When Marjorie Prime won the Sloan Feature Film Prize at the 2017 Sundance Film Festival, the jury lauded its “imaginative and nuanced depiction of the evolving relationship between humans and technology, and its moving dramatization of how intelligent machines can challenge our notions of identity memory and mortality.“ The critical consensus on the film more generally is pretty high – it has a 90% “Tomatometer” score on Rotten Tomatoes and a Metascore of 82 on Metacritic.com.  In fact, most everyone I know who has seen this picture has quite enjoyed it. 

If, like me, you liked Spike Jonze’s Her starring Joaquin Phoenix a few years back – in which a lonely writer falls in love with a personalized (audible but not visible) operating system called Samantha (seductively voiced by Scarlett Johansson) - I think you’ll also quite like Marjorie Prime. The story in this movie is completely different, but the focus on the potential benefits of and the human repercussions from AI is similar.

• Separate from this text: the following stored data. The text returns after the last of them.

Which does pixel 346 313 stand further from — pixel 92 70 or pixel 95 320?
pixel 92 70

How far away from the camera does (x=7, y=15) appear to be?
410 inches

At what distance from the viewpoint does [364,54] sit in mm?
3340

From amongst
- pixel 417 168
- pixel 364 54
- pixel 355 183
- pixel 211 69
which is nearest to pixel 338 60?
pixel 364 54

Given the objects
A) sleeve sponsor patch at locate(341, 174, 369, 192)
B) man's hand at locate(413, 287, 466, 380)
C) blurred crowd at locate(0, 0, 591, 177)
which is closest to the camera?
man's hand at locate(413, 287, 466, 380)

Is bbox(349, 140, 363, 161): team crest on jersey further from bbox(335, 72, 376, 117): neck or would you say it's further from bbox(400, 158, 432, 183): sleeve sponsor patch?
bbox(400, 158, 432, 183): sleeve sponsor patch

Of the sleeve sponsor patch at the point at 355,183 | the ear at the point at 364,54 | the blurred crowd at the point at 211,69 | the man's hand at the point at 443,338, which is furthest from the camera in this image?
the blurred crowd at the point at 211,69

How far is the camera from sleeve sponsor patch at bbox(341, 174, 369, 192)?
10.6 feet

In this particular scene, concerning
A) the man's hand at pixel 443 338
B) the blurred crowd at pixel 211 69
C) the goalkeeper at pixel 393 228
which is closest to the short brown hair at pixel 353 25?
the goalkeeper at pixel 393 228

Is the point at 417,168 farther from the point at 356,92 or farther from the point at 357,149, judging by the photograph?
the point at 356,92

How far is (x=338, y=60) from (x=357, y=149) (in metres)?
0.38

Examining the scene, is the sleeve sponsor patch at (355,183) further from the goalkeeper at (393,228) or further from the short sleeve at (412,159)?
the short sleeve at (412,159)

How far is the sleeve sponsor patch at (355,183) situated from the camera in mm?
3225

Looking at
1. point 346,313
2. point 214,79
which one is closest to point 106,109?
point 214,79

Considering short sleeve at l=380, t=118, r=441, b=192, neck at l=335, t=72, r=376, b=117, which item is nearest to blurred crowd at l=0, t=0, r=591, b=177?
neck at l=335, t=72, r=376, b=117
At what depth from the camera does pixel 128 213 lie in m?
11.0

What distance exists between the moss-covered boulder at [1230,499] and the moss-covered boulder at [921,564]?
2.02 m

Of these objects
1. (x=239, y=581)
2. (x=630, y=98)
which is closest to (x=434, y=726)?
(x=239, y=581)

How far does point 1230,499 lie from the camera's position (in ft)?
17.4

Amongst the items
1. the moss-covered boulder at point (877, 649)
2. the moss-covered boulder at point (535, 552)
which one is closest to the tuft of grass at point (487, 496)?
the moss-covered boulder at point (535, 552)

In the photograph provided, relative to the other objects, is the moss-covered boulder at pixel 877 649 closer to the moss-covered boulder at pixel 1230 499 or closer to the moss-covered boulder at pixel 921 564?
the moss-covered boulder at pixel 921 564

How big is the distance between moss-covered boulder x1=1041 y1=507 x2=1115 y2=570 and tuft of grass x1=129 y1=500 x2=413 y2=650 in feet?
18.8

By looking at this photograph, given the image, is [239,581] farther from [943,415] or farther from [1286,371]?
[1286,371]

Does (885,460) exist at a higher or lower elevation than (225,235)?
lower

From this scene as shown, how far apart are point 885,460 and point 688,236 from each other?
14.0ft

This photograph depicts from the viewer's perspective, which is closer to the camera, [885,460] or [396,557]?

Even if Her left you cold, you may well find that the homey domesticity of Marjorie Prime and its far less flashy use of a similar sci-fi premise is more appealing and interesting.

99 minutes  

Grade: A-

Available free with Amazon Prime Video and with the library-affiliated streaming services Kanopy and Hoopla (both of which require membership in an affiliated public or university library). Also available to rent from AppleTV, Vudu, Google Play, Amazon, and other streaming services.